Dataset entries
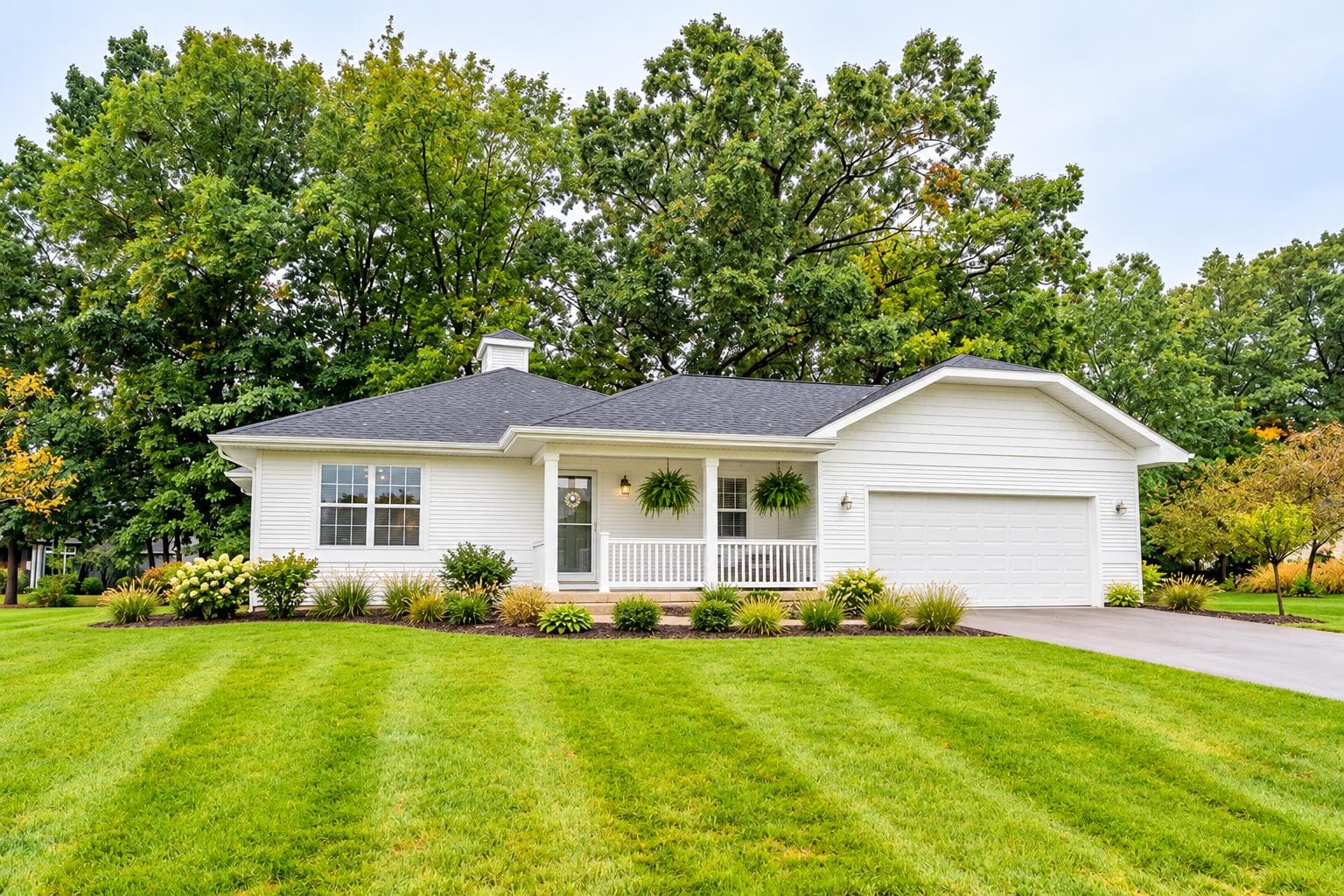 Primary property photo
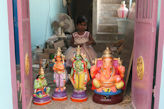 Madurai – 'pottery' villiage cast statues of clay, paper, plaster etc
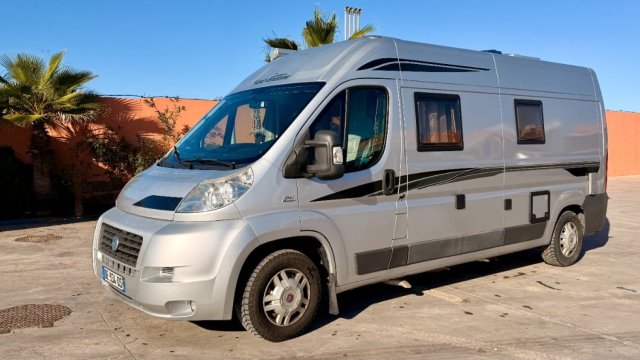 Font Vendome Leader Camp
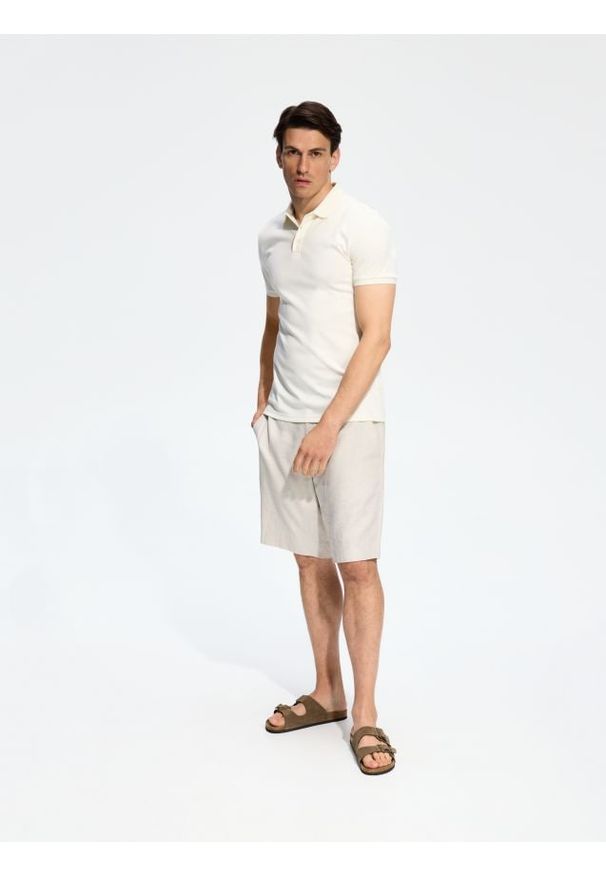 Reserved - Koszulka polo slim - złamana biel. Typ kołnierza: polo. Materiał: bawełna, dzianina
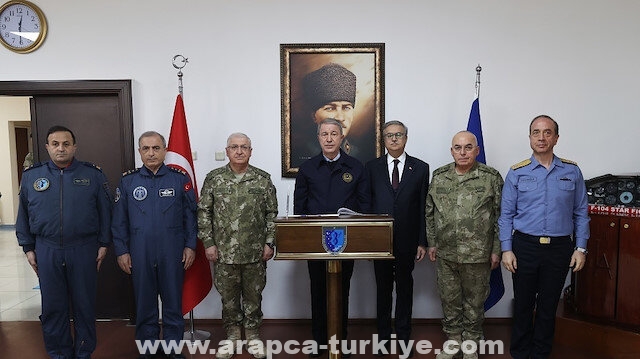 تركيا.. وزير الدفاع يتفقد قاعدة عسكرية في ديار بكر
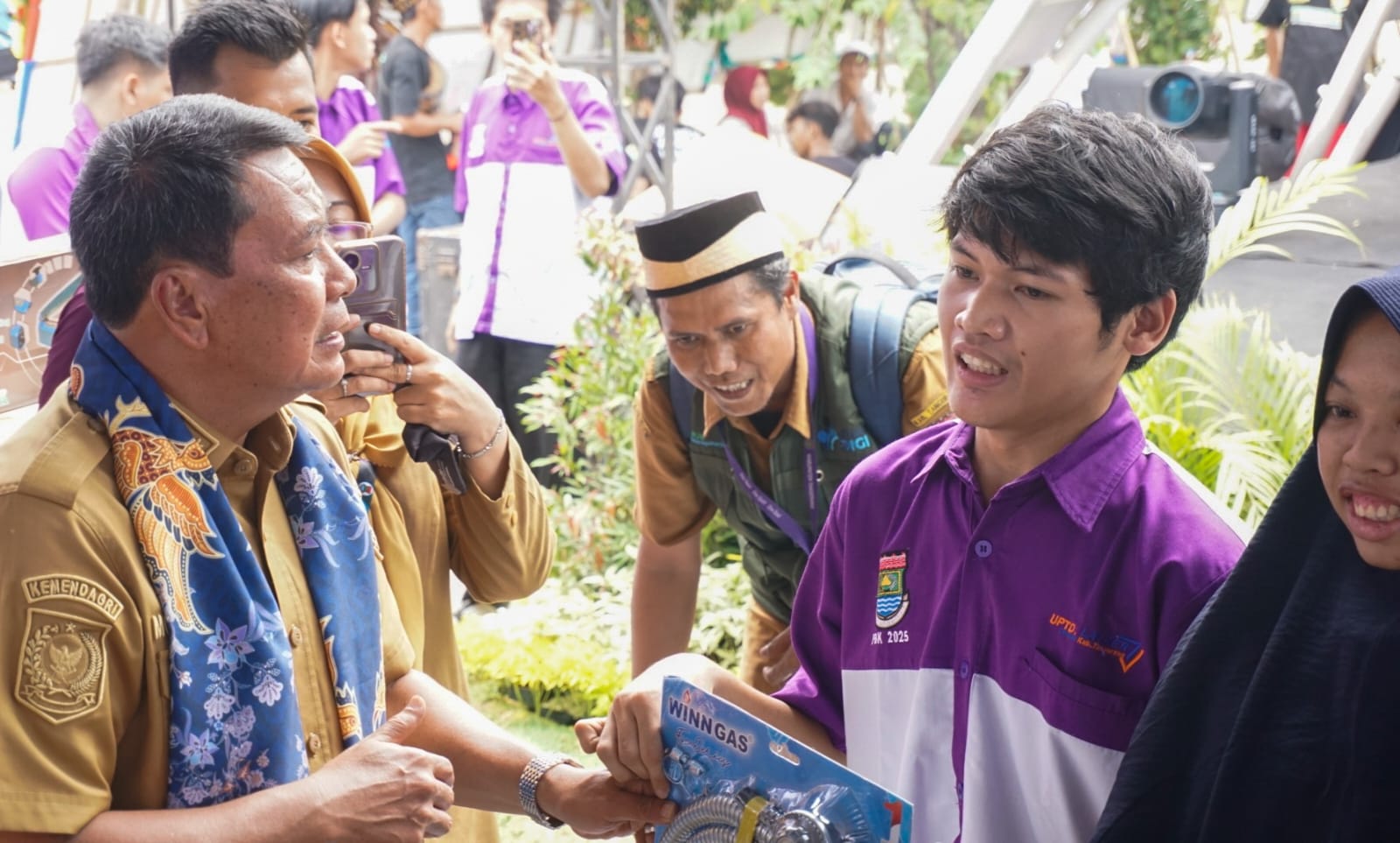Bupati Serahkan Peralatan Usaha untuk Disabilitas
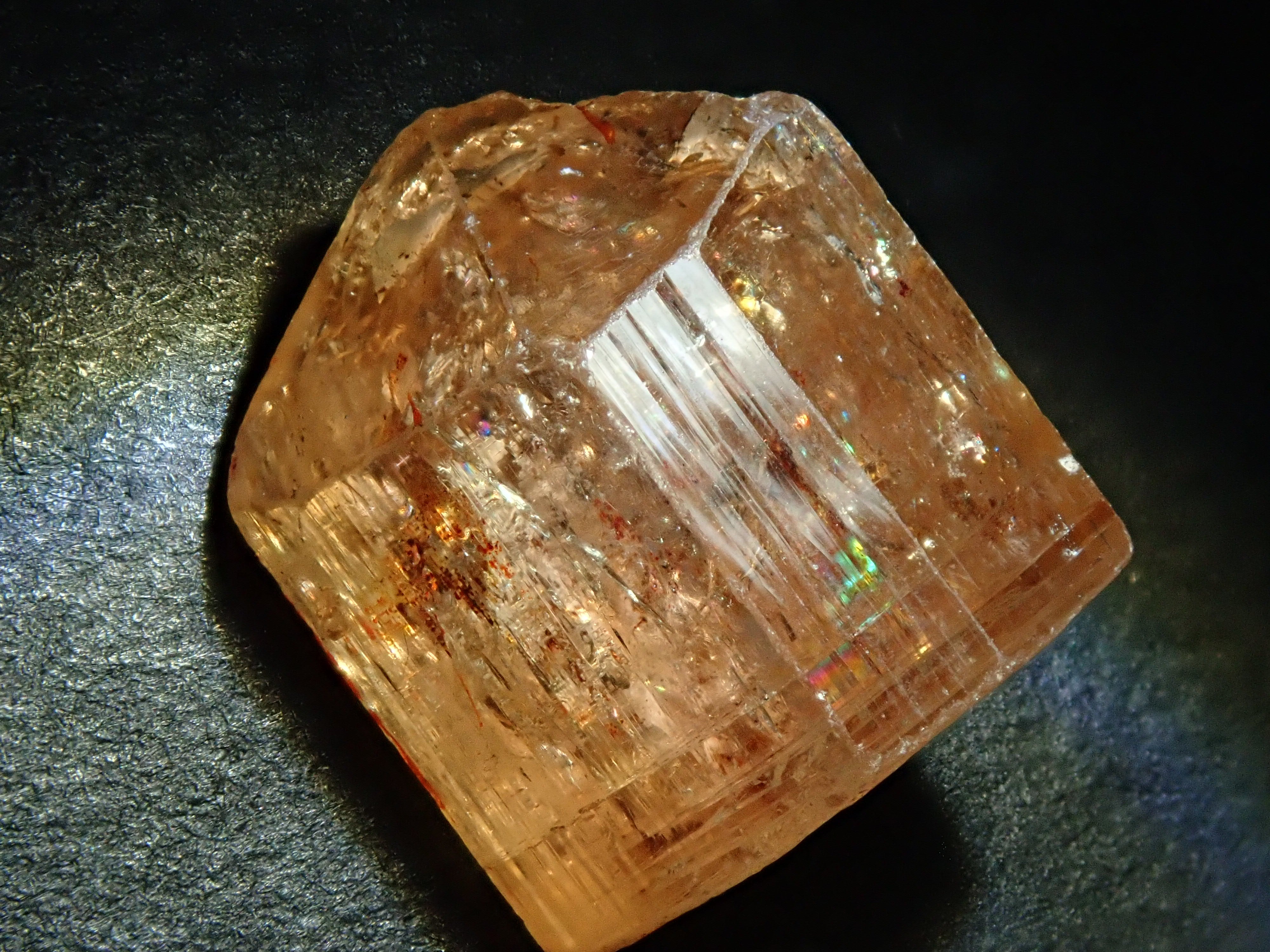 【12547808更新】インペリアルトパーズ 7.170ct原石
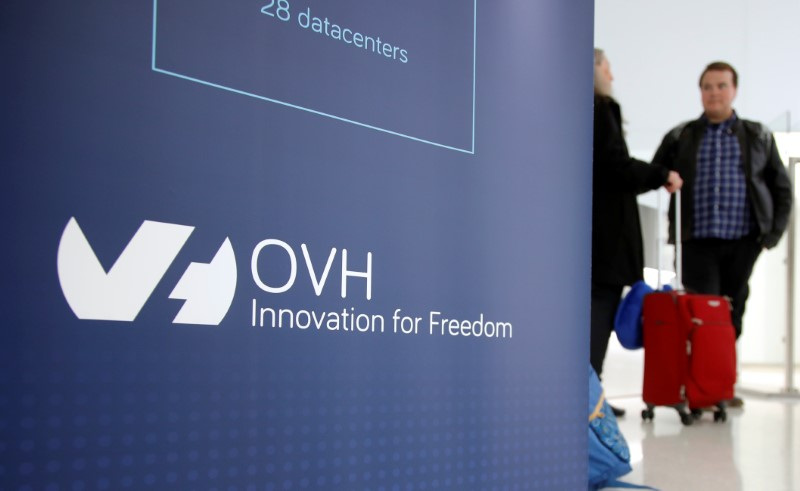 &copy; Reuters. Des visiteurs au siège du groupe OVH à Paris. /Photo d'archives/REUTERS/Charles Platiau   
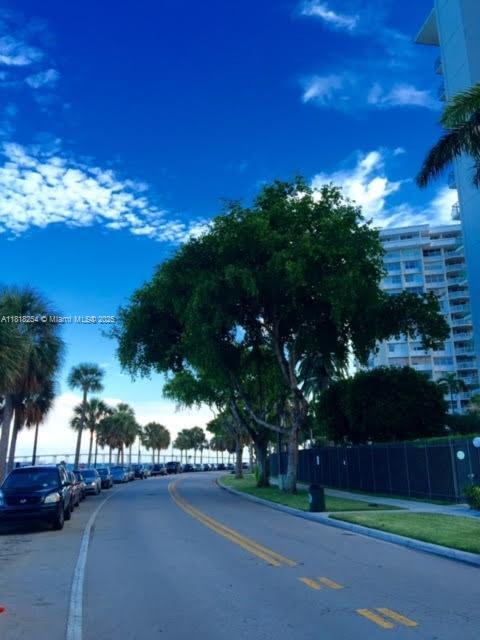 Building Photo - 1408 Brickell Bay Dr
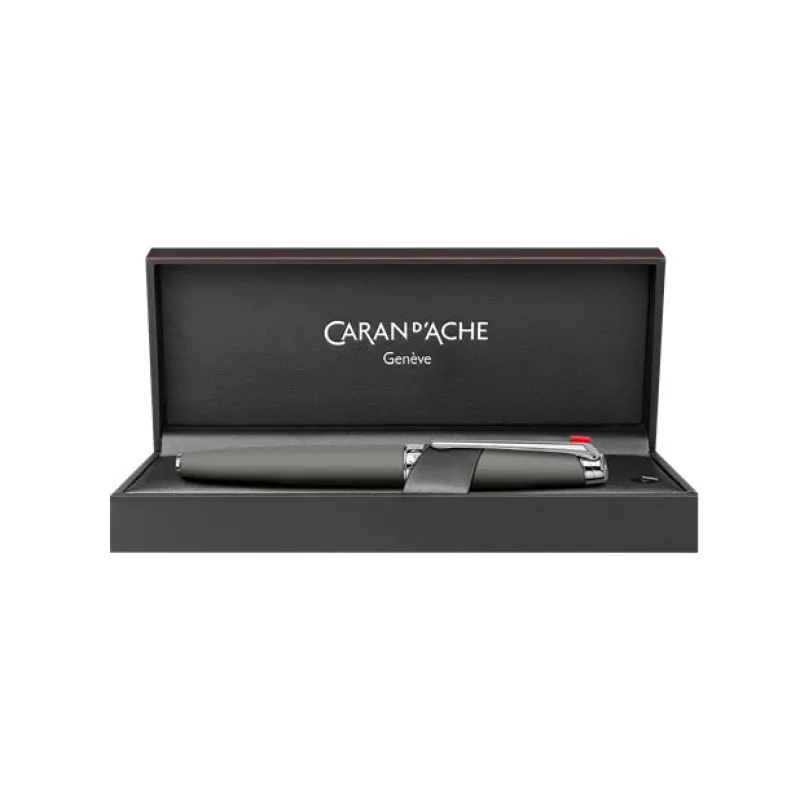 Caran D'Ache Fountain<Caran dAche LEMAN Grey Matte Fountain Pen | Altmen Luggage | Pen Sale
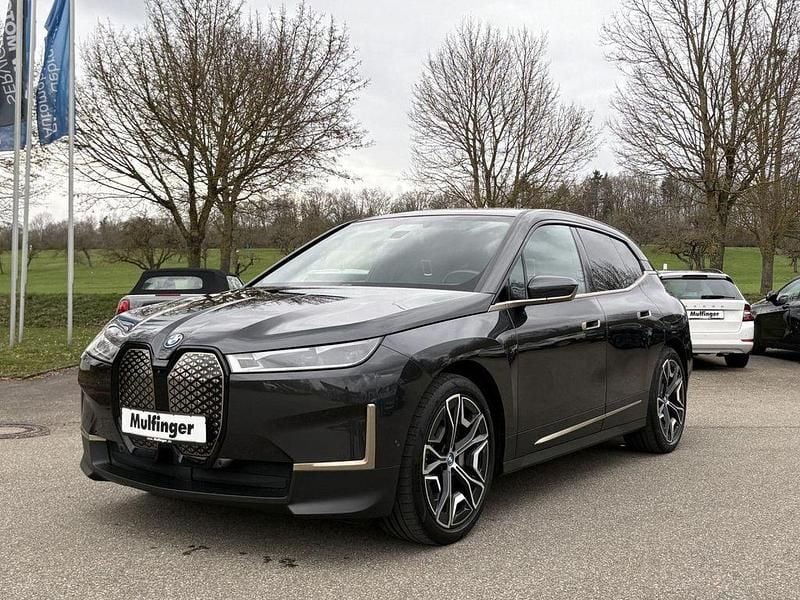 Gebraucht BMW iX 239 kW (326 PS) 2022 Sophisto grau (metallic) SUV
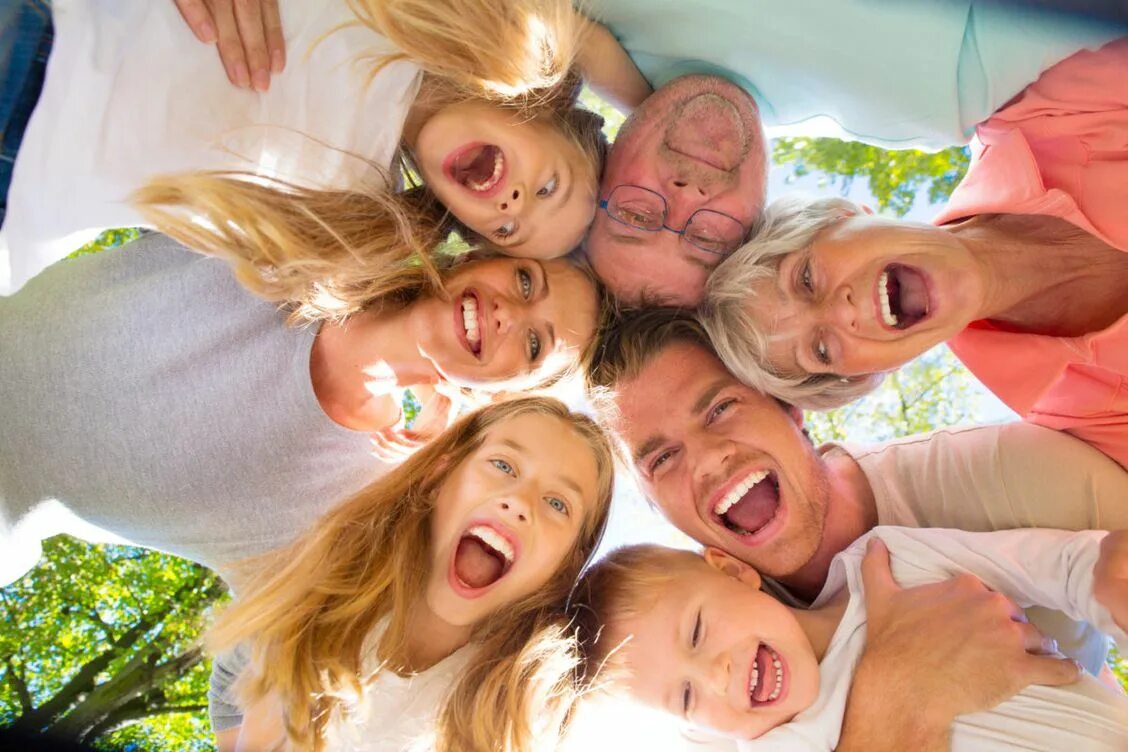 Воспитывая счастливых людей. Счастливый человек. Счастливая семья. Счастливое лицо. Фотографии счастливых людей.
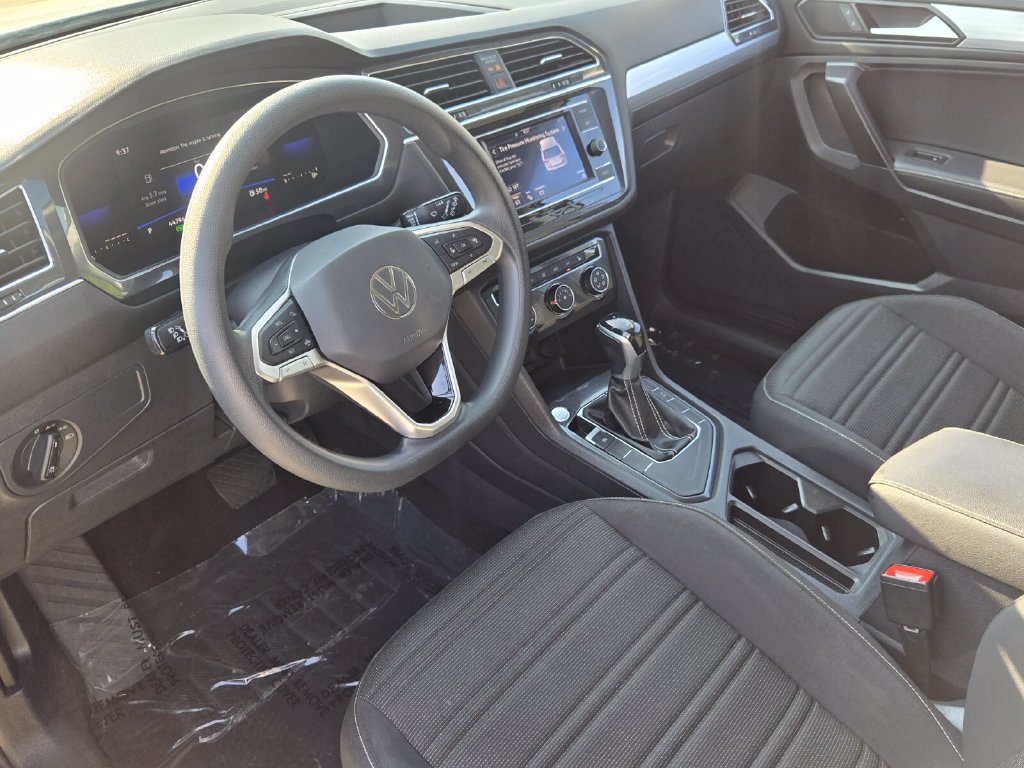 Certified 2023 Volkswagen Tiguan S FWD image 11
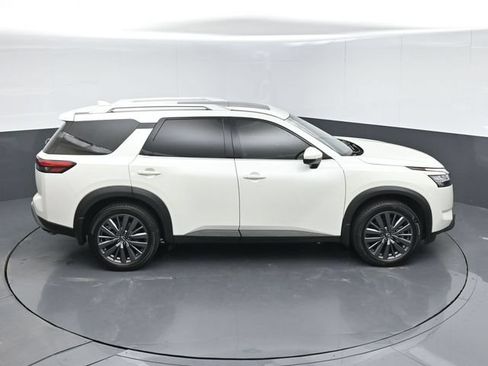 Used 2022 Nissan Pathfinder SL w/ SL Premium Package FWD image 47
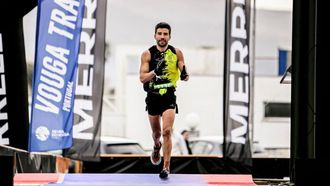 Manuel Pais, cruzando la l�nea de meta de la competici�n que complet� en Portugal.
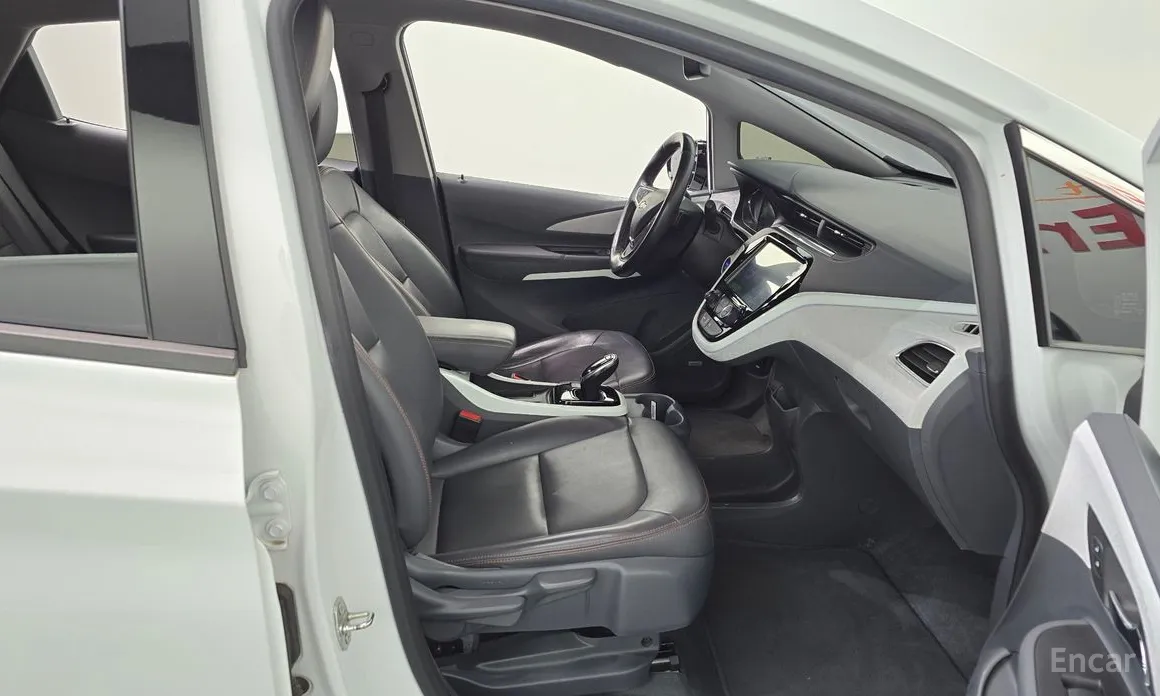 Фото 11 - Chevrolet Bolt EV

Problem to work on
Any picture among the entries must be skipped; copy all else exactly.

Answer section
 Primary property photo
 Madurai – 'pottery' villiage cast statues of clay, paper, plaster etc
 Font Vendome Leader Camp
 Reserved - Koszulka polo slim - złamana biel. Typ kołnierza: polo. Materiał: bawełna, dzianina
 تركيا.. وزير الدفاع يتفقد قاعدة عسكرية في ديار بكر
Bupati Serahkan Peralatan Usaha untuk Disabilitas
 【12547808更新】インペリアルトパーズ 7.170ct原石
 &copy; Reuters. Des visiteurs au siège du groupe OVH à Paris. /Photo d'archives/REUTERS/Charles Platiau   
 Building Photo - 1408 Brickell Bay Dr
 Caran D'Ache Fountain<Caran dAche LEMAN Grey Matte Fountain Pen | Altmen Luggage | Pen Sale
 Gebraucht BMW iX 239 kW (326 PS) 2022 Sophisto grau (metallic) SUV
 Воспитывая счастливых людей. Счастливый человек. Счастливая семья. Счастливое лицо. Фотографии счастливых людей.
 Certified 2023 Volkswagen Tiguan S FWD image 11
 Used 2022 Nissan Pathfinder SL w/ SL Premium Package FWD image 47
 Manuel Pais, cruzando la l�nea de meta de la competici�n que complet� en Portugal.
 Фото 11 - Chevrolet Bolt EV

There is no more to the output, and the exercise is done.